Record excerpts Start Marker
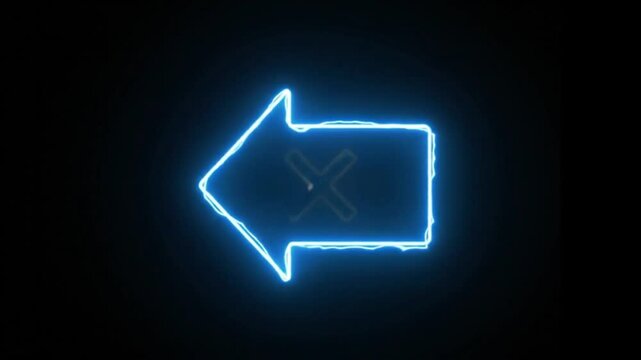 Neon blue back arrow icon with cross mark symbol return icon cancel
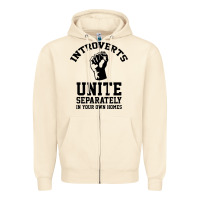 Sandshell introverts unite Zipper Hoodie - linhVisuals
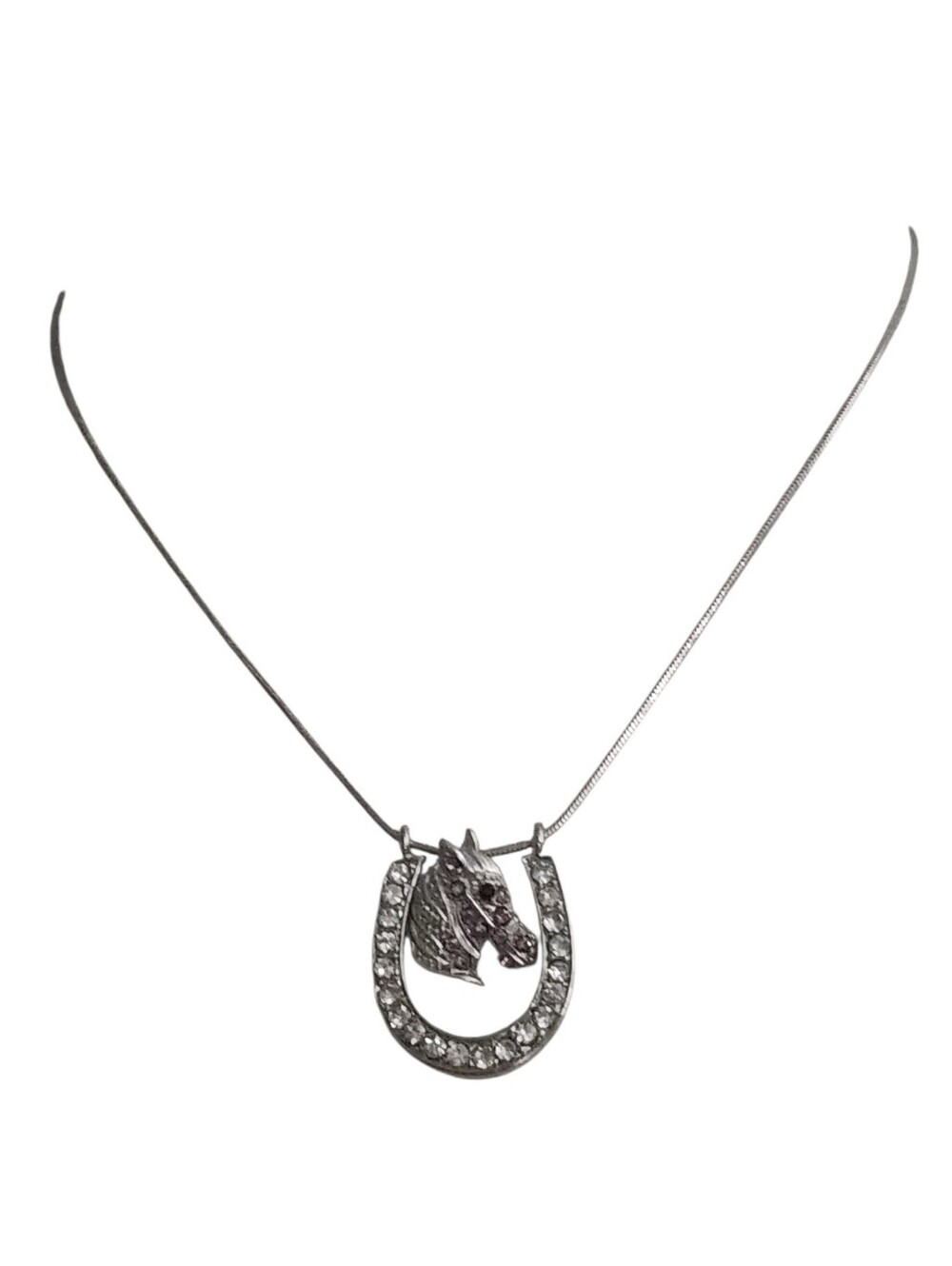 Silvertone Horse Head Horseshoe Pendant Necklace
Record excerpts End Marker
Record excerpts Start Marker
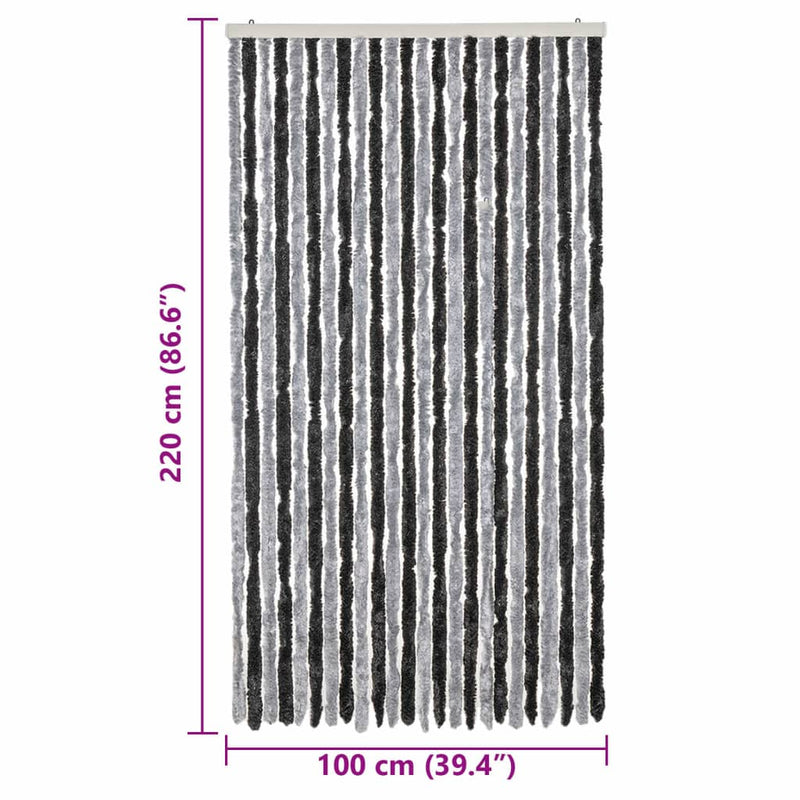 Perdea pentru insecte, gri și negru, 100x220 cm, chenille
Record excerpts End Marker
Record excerpts Start Marker
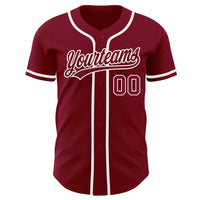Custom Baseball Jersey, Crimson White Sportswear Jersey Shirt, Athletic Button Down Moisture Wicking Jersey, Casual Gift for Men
Record excerpts End Marker
- _Work instruction_: Look through the listing above for the line with "Neon blue back" and the line with "Silvertone Horse Head". Write out exactly those lines and everything between, leaving out pictures.

- _Reply to the task_:
 Neon blue back arrow icon with cross mark symbol return icon cancel
 Sandshell introverts unite Zipper Hoodie - linhVisuals
 Silvertone Horse Head Horseshoe Pendant Necklace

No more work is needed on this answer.